Helen's father, Tyndareus, would not choose a suitor, or send any of the suitors away, for fear of offending them and giving grounds for a quarrel. Odysseus promised to solve the problem if Tyndareus would support him in his courting of Penelope, the daughter of Icarius. Tyndareus readily agreed and Odysseus proposed that, before the decision was made, all the suitors should swear a most solemn oath to defend the chosen husband against whoever should quarrel with him. This stratagem succeeded and Helen and Menelaus were married. Following Tyndareus' death, Menelaus became king of Sparta because the only male heirs, Castor and Pollux, had died and ascended to Olympus.
Some years later, Paris, a Trojan prince, came to Sparta to marry Helen, whom he had been promised by Aphrodite after he had chosen her as the most beautiful of the goddesses, earning the wrath of Athena and Hera. Some sources say that Helen willingly left behind her husband Menelaus and Hermione, their nine-year-old daughter, to be with Paris, but, since Aphrodite promised Helen to Paris, there is some ambiguity about whether or not Helen went willingly. Some scholars have argued that Helen's abduction by Paris was in fact a rape (termed abduction as per the ancient understanding of raptus). Sources from Herodotus to material culture support this view. Ancient vases depict both the shameless Helen who went willingly to Troy and abduction stories in which Helen is taken by force.
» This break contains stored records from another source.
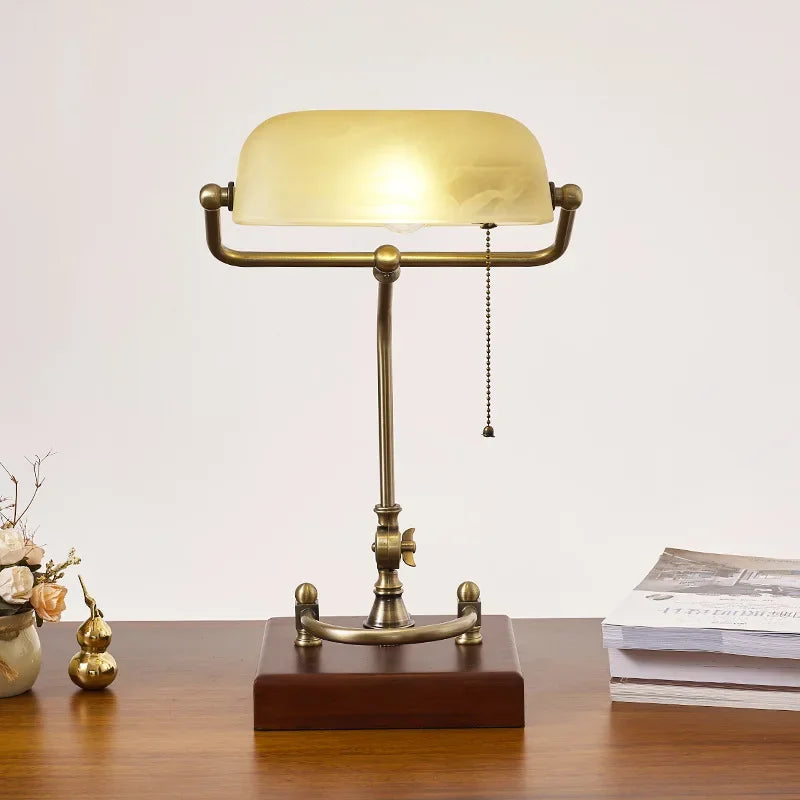 lampe vintage bois abat jour vert texture lisse opacité fixations anciennes chambre étude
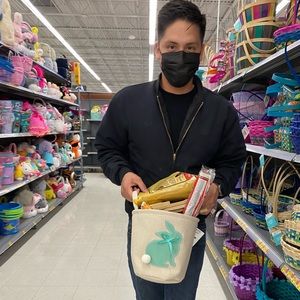 Meet your Posher, Damon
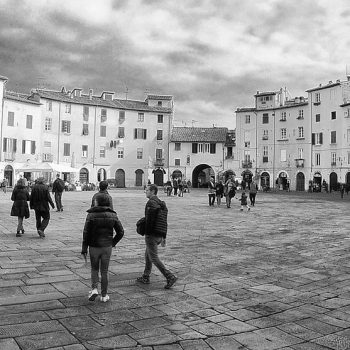 piazza-anfiteatro-lucca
Helen's relationship with Paris varies depending on the source of the story. In some, she loved him dearly (perhaps caused by Aphrodite, who had promised her to Paris). In others, she was portrayed as his unwilling captive in Troy, or as a cruel, selfish woman who brought disaster to everyone around her, and she hated him. In the version used by Euripides in his play Helen, Hermes fashioned a likeness of her out of clouds at Zeus's request, and Helen never even went to Troy, spending the entire war in Egypt. In all, she is described as being of magnificent beauty.
When he discovered that his wife was missing, Menelaus called upon all the other suitors to fulfill their oaths, thus beginning the Trojan War. Almost all of Greece took part, either attacking Troy with Menelaus or defending it from them.
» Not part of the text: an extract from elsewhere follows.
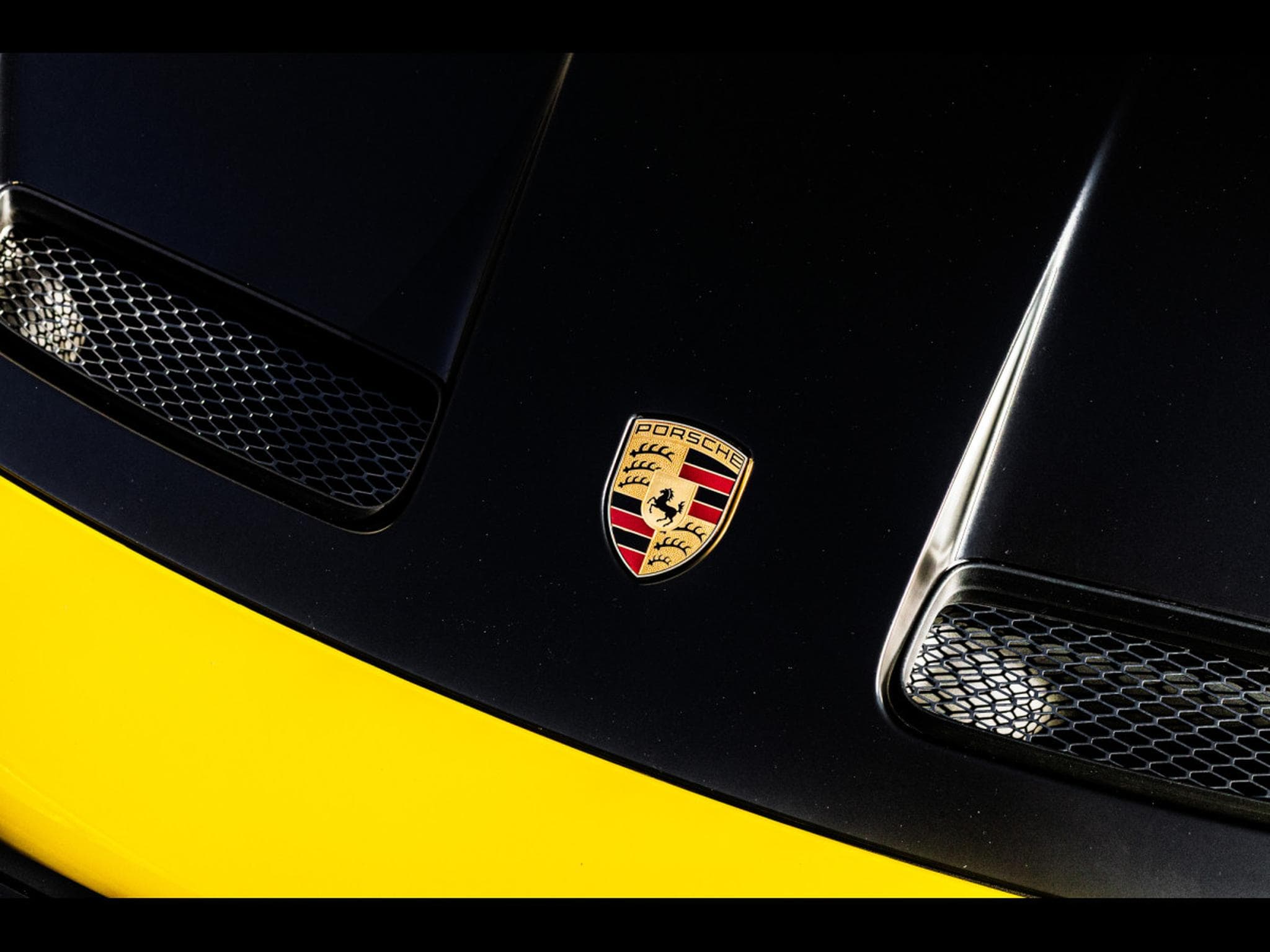 Porsche 911 (992.1) GT3 PDK - FULL PPF - RACING YELLOW (2023) - Photo 18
Menelaus had demanded that only he should slay his unfaithful wife; but, when he raised his sword to do so, she dropped her robe from her shoulders, and the sight of her beauty caused him to let the sword drop from his hand.
According to Pausanias the geographer (3.19.10.):
"The account of the Rhodians is different. They say that when Menelaus was dead, and Orestes still a wanderer, Helen was driven out by Nicostratus and Megapenthes and came to Rhodes, where she had a friend in Polyxo, the wife of Tlepolemus. For Polyxo, they say, was an Argive by descent, and when she was already married to Tlepolemus, shared his flight to Rhodes. At the time she was queen of the island, having been left with an orphan boy. They say that this Polyxo desired to avenge the death of Tlepolemus on Helen, now that she had her in her power. So she sent against her when she was bathing handmaidens dressed up as Furies, who seized Helen and hanged her on a tree, and for this reason the Rhodians have a sanctuary of Helen of the Tree."
Tlepolemus was a son of Heracles and Astyoche. Astyoche was a daughter of Phylas, King of Ephyra who was killed by Heracles. Tlepolemus was killed by Sarpedon on the first day of fighting in the Iliad. Nicostratus was a son of Menelaus by his concubine Pieris, an Aetolian slave. Megapenthes was a son of Menelaus by his concubine Tereis, no further origin.
In Simonianism, it was taught that Helen of Troy was one of the incarnations of the Ennoia in human form.